Oltre a documentare un trasferimento genico stabile e multi-lineare, lo studio ha fatto luce sui meccanismi biologici che rendono l’inizio della vita particolarmente favorevole a questo tipo di intervento. Fattori intrinseci alle cellule, insieme alla dinamica unica dell’ematopoiesi nei neonati, hanno contribuito a raggiungere livelli di efficienza sufficienti a trattare tre modelli murini di malattie genetiche gravi in modo efficace, senza l’uso di protocolli di selezione o chemioterapia.
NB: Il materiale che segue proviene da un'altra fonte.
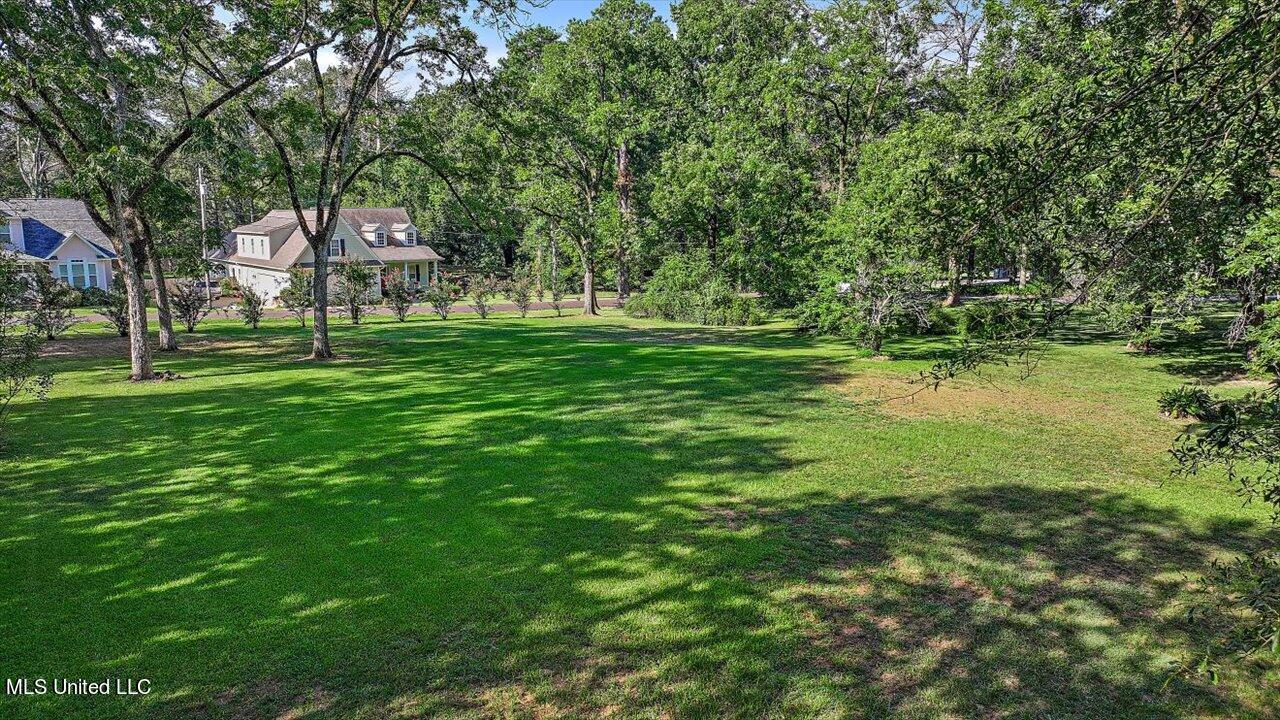 001 Oakwood Drive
Questo lavoro getta le basi per studi preclinici futuri e si inserisce nel contesto della crescente diffusione dello screening neonatale per le malattie genetiche. Nel panorama in evoluzione della terapia genica, i risultati di questo studio rappresentano un passo fondamentale verso l’applicazione clinica della terapia genica in vivo nei pazienti pediatrici.
“È importante sottolineare che abbiamo identificato cellule staminali e progenitrici ematopoietiche circolanti anche nel sangue di neonati umani per i primi mesi di vita post-natale, con livelli che diminuiscono con l’età, in modo simile a quanto osservato nei topi. Questi risultati supportano futuri studi volti a valutare il potenziale traslazionale del trasferimento genico in vivo delle cellule staminali del sangue nei pazienti pediatrici”, conclude il professor Naldini.